Professor Mohamad Agus Yussoff, a political scientist at Universiti Kebangsaan Malaysia, concurs but adds that despite the electorate having spoken, the matter should be left to the courts.
Tony Pua, DAP's national publicity secretary, says that the election results are an endorsement of the ousted Pakatan Rakyat government in Perak and that the nearly 100 per cent increase in the margin of victory is a message for new Prime Minister Datuk Seri Najib Razak that Perakians want the assembly dissolved for fresh elections.

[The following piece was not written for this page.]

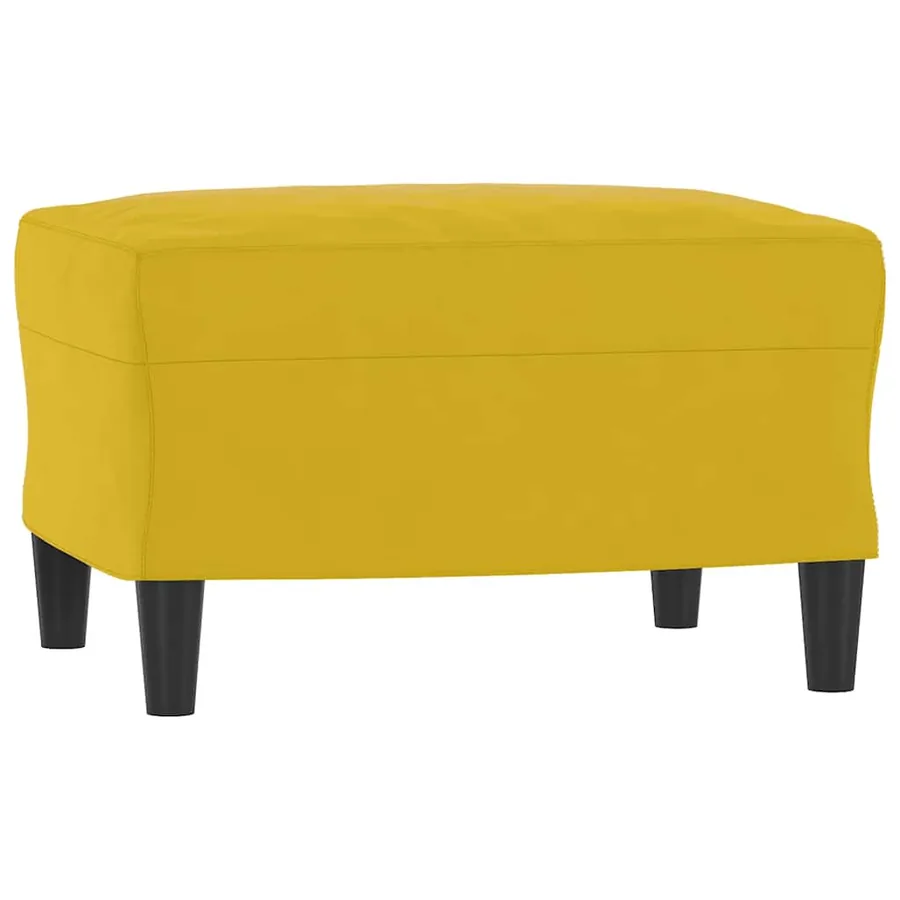 Canapé à 3 places avec repose-pieds jaune 180 cm velours - 5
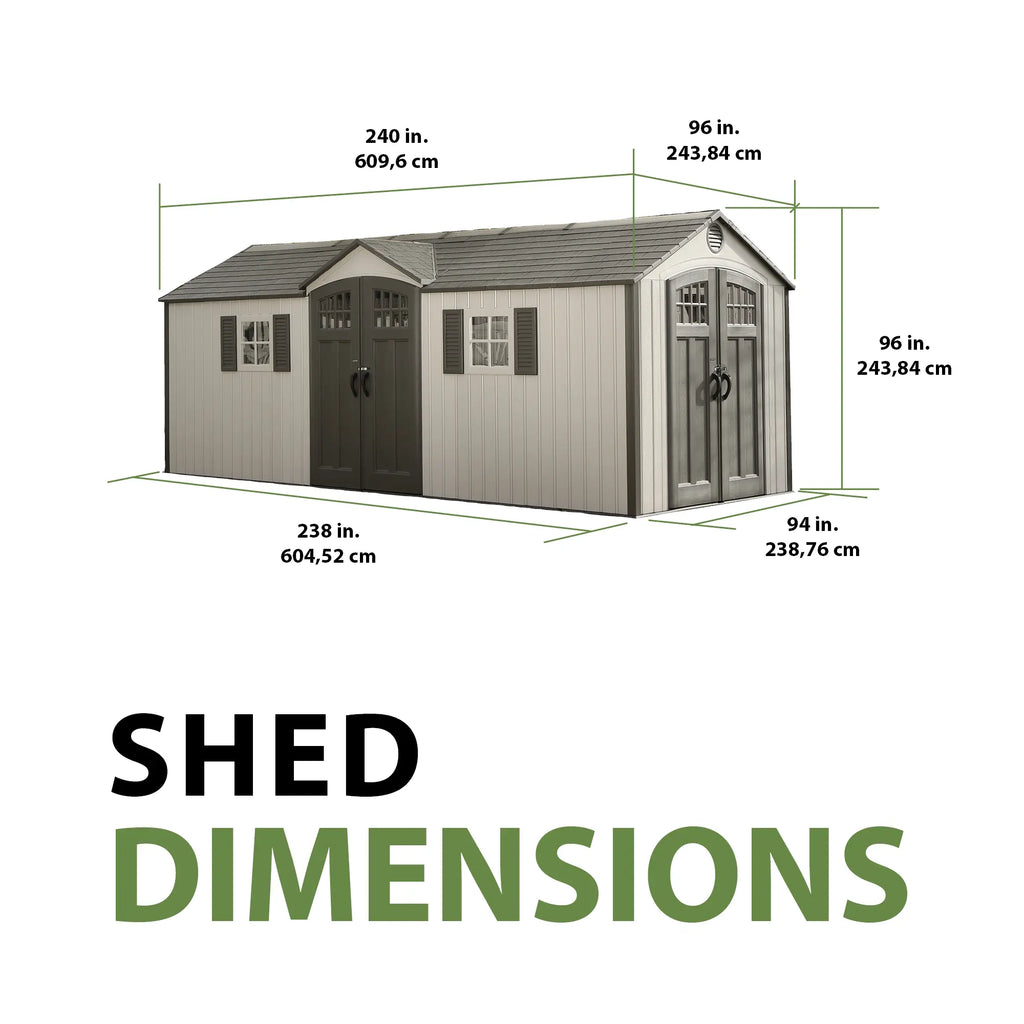 20 Ft. x 8 Ft. Outdoor Storage Shed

"It is high time, as a new prime minister, to do the right thing for democracy in Malaysia by ensuring that the people of Perak get a government they have themselves elected," said Pua in a media release, referring to Najib's statement that he wanted to build a democracy responsive to the people’s needs.
PR won with a majority of 2,789 votes compared with 1,566 in last year's general election.
The prime minister has been speaking the language of reform, of building a performance based nation and committed himself to meeting the needs, aspirations and concerns of all Malaysians.
Agus, however, says the election results are a sign of voters sending a message to Najib that he will have to show substantive results from his reform proposals.
"The people are not stupid anymore. They are not buying into promises. They want to see results," says Agus.
"The reforms sound fantastically good but only when people start believing the results will they gain confidence and come back to BN."
Pua holds a similar view and says: "Najib has his work cut out for him and it is quite clear that Malaysians will not give him a 100-day honeymoon period to perform. He must hence immediately institute firm and resolute measures to eradicate corruption, overhaul archaic and repressive laws and dismantle discriminatory policy tools antithetical to his ‘One Malaysia’ agenda."
Closely analysed will be the racial breakdown of voting patterns in the by-election. "This election indicates the attractiveness of PR's ketuanan rakyat to non-Malays and that Umno's promises to defend the Malays may not have been bought into," says Ibrahim.
He thinks that the victory for Nizar, who is from PAS, will further strengthen the moderate voices within the conservative Islamist party and shows that its hardcore supporters have not been alienated.
Perak Umno secretary Datuk Ramly Zahari, however, denies that BN has lost Malay support. "We still maintained the Malay votes that we got in 2008," he said.